A verdadeira cozinha brasileira está no quilão

A essência da comida brasileira não está na vanguarda de tons amazônicos de Alex Atala. Não está nos resgate etnográfico das pesquisadoras Mara Salles e Ana Luiza Trajano. Tampouco está no trivial cangaceiro do sertão do Seridó, de Rodrigo Levino.

A alma da cozinha brasileira está no restaurante por quilo.

Ou restaurante a quilo, se você preferir. O cacófato é inevitável.

Num país normal, o conceito de “comida típica” é claro e evidente: entre em qualquer restaurante despretensioso, com serviço de mesa, para comer o que os locais comem.

É assim na Itália, na França, no Japão, na Argentina.

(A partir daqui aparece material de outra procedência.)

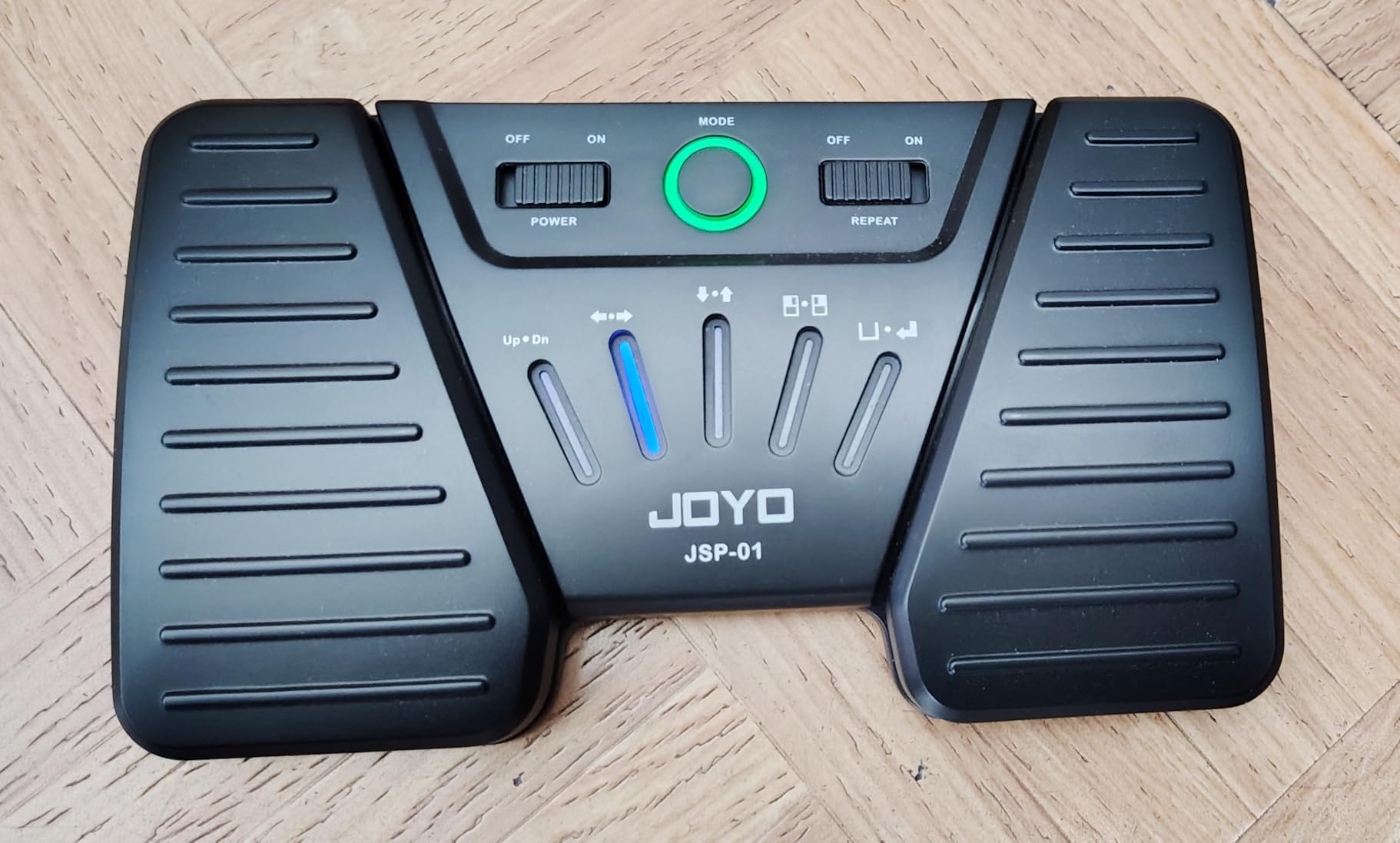 JOYO Wireless Page Turner Pedal Bluetooth Foot Switch for iPad/Tablet/Phone Works with forScore/OnSong customer photo 1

O Brasil não é um país normal. O Brasil é uma perua Kombi velha que se mantém rodando graças a uma combinação de fita crepe, massa epóxi e a velha certeza de que tudo vai terminar bem –desde que outra pessoa cuide do estrago quando der errado.

Enquanto as massas nos trens se entopem de salgadinho Fofura, os chefs se ocupam de uma imagem romântica da nossa cultura alimentar. De algo que, se ainda não foi extinto, está sob forte ameaça.

Nada, nadíssima contra isso. Precisamos de heróis como Janaina Rueda, Rodrigo Oliveira e Marcelo Correa Bastos para preservar a tradição moribunda.

Língua ensopada, sarapatel, camarão com chuchu, arroz de suã, rabada, dobradinha, baião-de-dois, virado à paulista, moqueca, angu, cuscuz de sardinha, mungunzá, carreteiro, tropeiro, tacacá, quibebe, isso tudo está virando comida de restaurante.

Cada vez menos o brasileiro se mete a besta de cozinhar coisas assim em casa.

A cozinha caseira agoniza porque foram-se o tempo e as habilidades. Poucos ainda têm mão-de-obra doméstica cativa. A refeição colonial cedeu lugar ao restaurante por quilo –o brasileiro não abre mão de misturar, no mesmo prato, o conteúdo de várias panelas.

É lá que o sr. Brasilino come:

Estrogonofe de frango, conchas de macarrão aos quatro queijos, arroz de forno, parmegianas de qualquer material, salada de quinoa, rúcula com tomate seco, batata smile, sushi de pepino e de manga, molho golf, ovo de codorna, couve-flor empanada, lasanha com presunto e carne moída, costelinha ao barbecue, batata-palha industrial, sal rosa, bolinho de arroz, quindão, pavê de bolacha maisena e um Sonho de Valsa com o cafezinho.

Goste ou não, esta é a dieta do brasileiro urbano médio. Ela funde a tentativa de ser cosmopolita com uma visão distorcida da alimentação tradicional.

A culinária real do quilão conversa muito pouco com a gastronomia idealizada dos chefs. A exemplo de quase tudo por aqui, o meio-termo é um vasto espaço vazio. Haja fita crepe para construir essa ponte.